▼
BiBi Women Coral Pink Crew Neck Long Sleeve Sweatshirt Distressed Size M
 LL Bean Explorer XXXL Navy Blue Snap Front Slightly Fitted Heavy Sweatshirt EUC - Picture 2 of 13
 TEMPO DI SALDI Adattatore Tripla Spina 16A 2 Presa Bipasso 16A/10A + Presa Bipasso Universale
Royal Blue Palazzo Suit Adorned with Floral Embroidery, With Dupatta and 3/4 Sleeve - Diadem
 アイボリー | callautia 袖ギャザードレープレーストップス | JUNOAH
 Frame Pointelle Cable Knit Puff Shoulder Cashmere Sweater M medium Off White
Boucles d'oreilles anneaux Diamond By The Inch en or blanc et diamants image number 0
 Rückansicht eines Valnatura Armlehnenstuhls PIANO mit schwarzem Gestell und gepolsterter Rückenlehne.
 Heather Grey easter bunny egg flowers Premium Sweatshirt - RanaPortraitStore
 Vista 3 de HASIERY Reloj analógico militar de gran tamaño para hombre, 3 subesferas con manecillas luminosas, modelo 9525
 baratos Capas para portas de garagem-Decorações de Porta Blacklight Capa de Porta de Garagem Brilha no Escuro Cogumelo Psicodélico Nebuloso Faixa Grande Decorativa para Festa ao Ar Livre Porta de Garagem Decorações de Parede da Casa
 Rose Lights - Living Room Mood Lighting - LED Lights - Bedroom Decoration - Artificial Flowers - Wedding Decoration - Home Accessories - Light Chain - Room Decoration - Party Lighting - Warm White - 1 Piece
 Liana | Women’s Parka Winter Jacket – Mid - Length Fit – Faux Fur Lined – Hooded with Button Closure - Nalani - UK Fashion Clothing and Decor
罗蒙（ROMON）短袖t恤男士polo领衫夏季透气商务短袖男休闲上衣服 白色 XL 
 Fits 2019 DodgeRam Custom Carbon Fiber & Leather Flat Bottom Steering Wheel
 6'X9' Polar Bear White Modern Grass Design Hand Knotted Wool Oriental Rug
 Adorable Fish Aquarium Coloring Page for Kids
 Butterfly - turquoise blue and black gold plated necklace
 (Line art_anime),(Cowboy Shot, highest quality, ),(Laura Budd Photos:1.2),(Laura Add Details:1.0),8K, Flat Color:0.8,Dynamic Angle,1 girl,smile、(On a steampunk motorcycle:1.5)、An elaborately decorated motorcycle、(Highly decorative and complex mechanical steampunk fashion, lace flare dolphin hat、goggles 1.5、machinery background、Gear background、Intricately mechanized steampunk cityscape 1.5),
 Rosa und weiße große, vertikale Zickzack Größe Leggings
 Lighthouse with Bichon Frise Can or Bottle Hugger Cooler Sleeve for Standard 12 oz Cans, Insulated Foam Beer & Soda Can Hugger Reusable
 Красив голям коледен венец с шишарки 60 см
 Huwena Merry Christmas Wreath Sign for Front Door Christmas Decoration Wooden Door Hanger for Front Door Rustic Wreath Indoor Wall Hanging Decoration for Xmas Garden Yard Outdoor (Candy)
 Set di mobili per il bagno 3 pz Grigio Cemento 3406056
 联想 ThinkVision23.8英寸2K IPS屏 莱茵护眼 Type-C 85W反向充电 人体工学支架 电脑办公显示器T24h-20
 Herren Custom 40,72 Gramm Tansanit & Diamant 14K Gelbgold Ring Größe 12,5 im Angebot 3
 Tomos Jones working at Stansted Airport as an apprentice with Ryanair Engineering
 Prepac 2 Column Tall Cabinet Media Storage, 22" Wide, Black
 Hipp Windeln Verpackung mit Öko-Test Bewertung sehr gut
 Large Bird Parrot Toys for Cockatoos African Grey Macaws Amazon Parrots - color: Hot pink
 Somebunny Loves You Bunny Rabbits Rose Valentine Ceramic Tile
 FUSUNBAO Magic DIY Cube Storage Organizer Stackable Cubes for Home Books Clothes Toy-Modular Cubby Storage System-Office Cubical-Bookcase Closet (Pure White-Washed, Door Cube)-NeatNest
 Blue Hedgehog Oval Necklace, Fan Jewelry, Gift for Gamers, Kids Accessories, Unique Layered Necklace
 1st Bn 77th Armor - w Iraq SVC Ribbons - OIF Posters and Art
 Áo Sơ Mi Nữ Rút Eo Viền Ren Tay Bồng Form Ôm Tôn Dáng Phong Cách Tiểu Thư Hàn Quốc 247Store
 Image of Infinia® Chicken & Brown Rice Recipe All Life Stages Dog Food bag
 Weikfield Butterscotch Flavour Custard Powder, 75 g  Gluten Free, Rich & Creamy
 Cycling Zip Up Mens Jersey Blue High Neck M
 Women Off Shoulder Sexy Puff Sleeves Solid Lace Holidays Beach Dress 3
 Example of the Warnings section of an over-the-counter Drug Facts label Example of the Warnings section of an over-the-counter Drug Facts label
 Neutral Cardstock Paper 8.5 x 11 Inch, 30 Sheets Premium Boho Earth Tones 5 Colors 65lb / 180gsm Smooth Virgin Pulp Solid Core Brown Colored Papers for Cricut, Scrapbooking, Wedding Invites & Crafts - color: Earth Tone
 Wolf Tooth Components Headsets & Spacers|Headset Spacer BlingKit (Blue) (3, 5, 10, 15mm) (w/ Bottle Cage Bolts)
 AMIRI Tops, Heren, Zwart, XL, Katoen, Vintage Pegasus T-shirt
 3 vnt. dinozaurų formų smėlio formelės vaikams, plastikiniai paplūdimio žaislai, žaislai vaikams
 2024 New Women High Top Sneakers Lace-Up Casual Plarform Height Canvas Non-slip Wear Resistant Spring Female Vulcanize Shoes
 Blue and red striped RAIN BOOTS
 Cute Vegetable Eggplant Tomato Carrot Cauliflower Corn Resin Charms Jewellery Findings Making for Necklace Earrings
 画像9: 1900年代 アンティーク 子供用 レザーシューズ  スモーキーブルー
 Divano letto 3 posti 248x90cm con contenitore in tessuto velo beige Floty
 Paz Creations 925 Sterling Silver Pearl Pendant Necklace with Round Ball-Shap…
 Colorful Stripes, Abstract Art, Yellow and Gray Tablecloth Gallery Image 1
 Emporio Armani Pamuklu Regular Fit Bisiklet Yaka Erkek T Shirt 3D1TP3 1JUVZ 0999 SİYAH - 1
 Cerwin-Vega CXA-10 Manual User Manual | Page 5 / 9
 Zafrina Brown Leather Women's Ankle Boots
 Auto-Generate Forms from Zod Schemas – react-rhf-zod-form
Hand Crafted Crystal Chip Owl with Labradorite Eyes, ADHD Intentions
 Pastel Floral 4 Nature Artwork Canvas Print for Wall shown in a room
▲
▸ **Task goal**:
All lines from the one containing "Hand Crafted Crystal" down to the final line above are to be restated word for word; leave out the rest.

▸ **Result for this exercise**:
Hand Crafted Crystal Chip Owl with Labradorite Eyes, ADHD Intentions
 Pastel Floral 4 Nature Artwork Canvas Print for Wall shown in a room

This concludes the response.